Clang-formatted, and replaced calloc with calls to new, as well as removed ULL from size_t variable initializations

also removed the block comment that accidentally slipped through.

As for tests, I'm not sure where to begin with that, can anyone point me in the right direction?

Fixed typo's.

Added trailing newline to CMakeLists

Clang-formatted, and replaced calloc with calls to new, as well as removed ULL from size_t variable initializations

also removed the block comment that accidentally slipped through

and fixed type with variable c16 being written as C16

For reference this is musl's implementation of c16rtomb http://git.musl-libc.org/cgit/musl/tree/src/multibyte/c16rtomb.c.

As for tests, I'm not sure where to begin with that, can anyone point me in the right direction?

You could replicate the example that cppreference has. https://en.cppreference.com/w/c/string/multibyte/c16rtomb. Otherwise where have you seen these functions use in the wild? I have never seen it so I can't give any real world examples unfortunately.

libcxx has pretty sparse tests https://github.com/llvm/llvm-project/tree/master/libcxx/test/std/strings https://github.com/llvm/llvm-project/tree/master/libcxx/test/libcxx/strings I'm afraid.

You could look at the standard library of more modern languages. For example Rust made a big deal about Utf16 strings, you could hunt down those tests https://doc.rust-lang.org/std/primitive.str.html.

And in musl's tests (cloned from git://repo.or.cz/libc-test) they have libc-test/src/functional/clocale_mbfuncs.c, which is the closest I could find.

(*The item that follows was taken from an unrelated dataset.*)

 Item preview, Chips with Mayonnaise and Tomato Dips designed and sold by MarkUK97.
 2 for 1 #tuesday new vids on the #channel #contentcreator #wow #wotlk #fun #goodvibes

libc/src/uchar/c16rtomb.cpp
25 ↗(On Diff #242879)

For what its worth, this allocates one char and initializes it to StringSize. If you wanted to allocate StringSize chars you need new char[StringSize]. But new isn't safe to use for us, and I think it wouldn't even link because we have -nostdlib specified.

void changeParam(int a) {
    a = 5;
}

int main() {
   int a = 0;
   changeParam(a);
   assert(!a); // passes, a not changed.
}

The same is true with pointers if I pass my char * to c16rtomb, if you reassign to it by malloc or new, it changes the local variable but not the callers variable. These functions (unless passed a nullptr) assume that s is already pointing to enough valid memory.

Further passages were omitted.